Stop Dat Moda/Eight Mile House/The German Girls and Other Stories
by
Book Details
About the Book
STOP DAT MODA uses every technique from African American oral tradition--
storytelling, slave narratives, folklore, legend, tall tales, jokes, riddles,
songs, etc.--to create a richly textured novel set in Kentucky in the 1920's
and 1930's. A multi-racial canvas of characters, men, women, and children--
Kate, Olga, Ijacks, Mag, Max and Maxine, Big Mike, Mr. Gonzales, Santuwa,
Inez, Hi Tyson, The Jensens, Dang Ober, Nat Perrison, and many others--also
create a vivid and richly textured world. Excerpts from STOP DAT MODA have
been published in Obsidian, Callaloo ("Minnie B. and Duney") and BOP.

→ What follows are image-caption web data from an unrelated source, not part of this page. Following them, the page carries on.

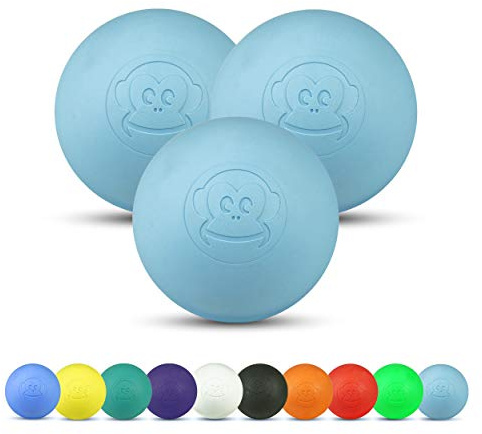 Captain LAX Massageball Original - Lacrosseball 3er Set, aus Hartgummi, mit den Maßen 6 x 6 cm geeignet für Triggerpunkt- & Faszienmassage/Crossfit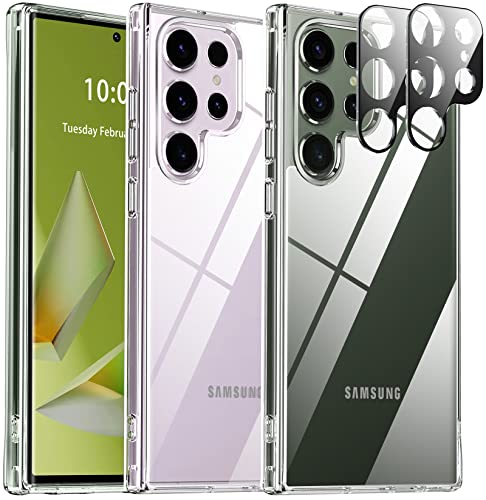 Oterkin for Samsung Galaxy S23 Ultra Case Clear,[20X Anti-Yellowing] S23 Ultra Case with [2Pcs Tempered Glass Camera Protectors][Built-in 4 Airbags][10FT Dropproof] Galaxy S23 Ultra Case (Clear) - color: Clear-Ultra, size: Galaxy S23 Ultra Case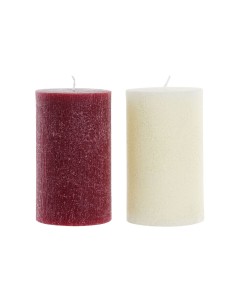Bougie DKD Home Decor Blanc Rouge Noël 9 x 9 x 15 cm (2 Unités)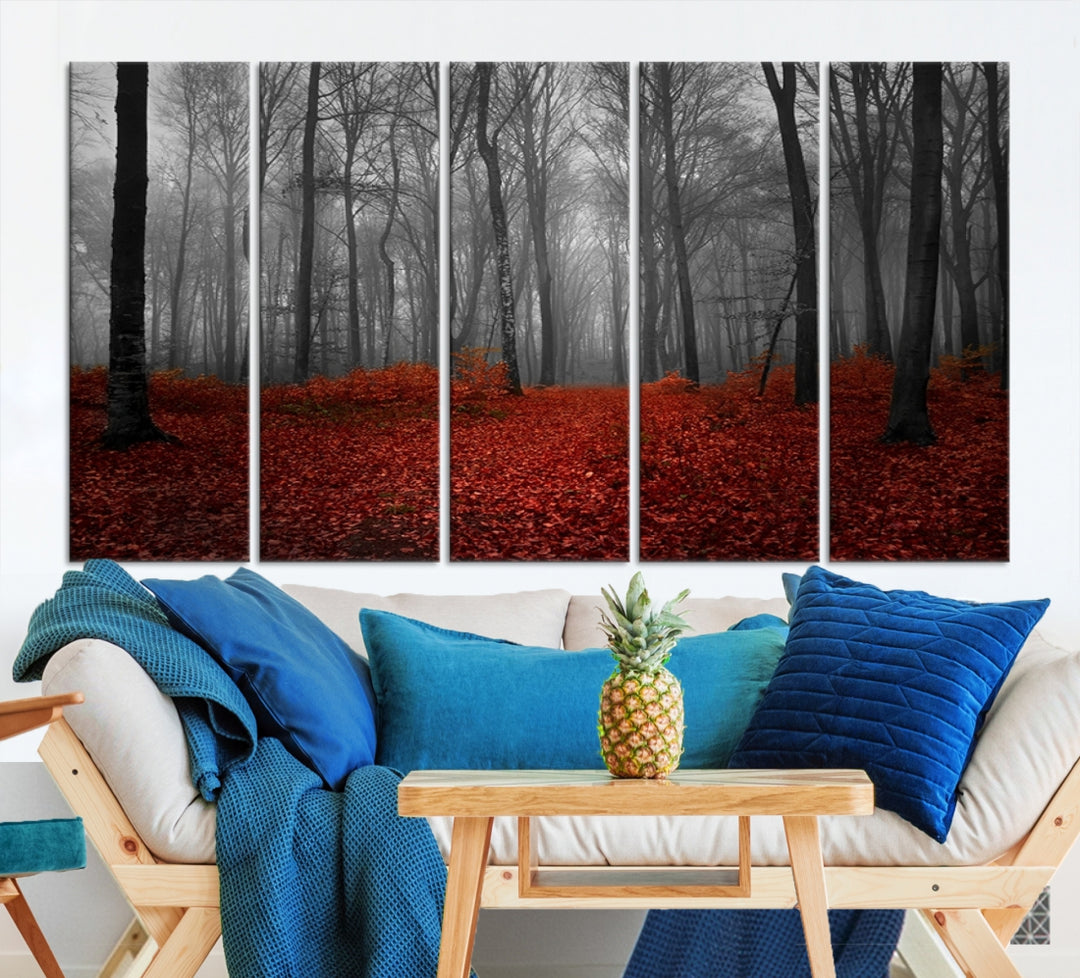 Impression sur toile de paysage d'art mural, forêt merveilleuse avec des feuilles rouges au sol
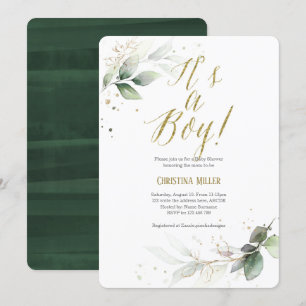 Modern, Greenery, Watercolor, Baby Boy Shower Invitation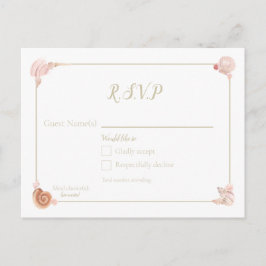 Cartão postal RSVP de conchas marítimas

EIGHT MILE HOUSE is an African American/multi-cultural science fiction
romance/satire. Written in a popular and colloquial style, it blends the
techniques of science fiction, romance, oral narration, and popular fiction.
Santuwa, part-Spanish part-Ethiopian, arrives at the Fairfield Airport with
(African American) Onistine's friend Nantlie, who's just come back from
vacationing in Paris. Santuwa is a handsome, strange, elusive figure who
leads Onistine to question whether the subsequent events at Eight Mile House
are reality or a product of her overactive imagination. Is even Santuwa real?
THE GERMAN GIRLS AND OTHER STORIES, a collection of twelve imaginative stories, offers a rich assortment of characters, textures, and settings: regional, national, international, cosmic. "My Eyes Delight" was first published in The Literary Magazine (Italy).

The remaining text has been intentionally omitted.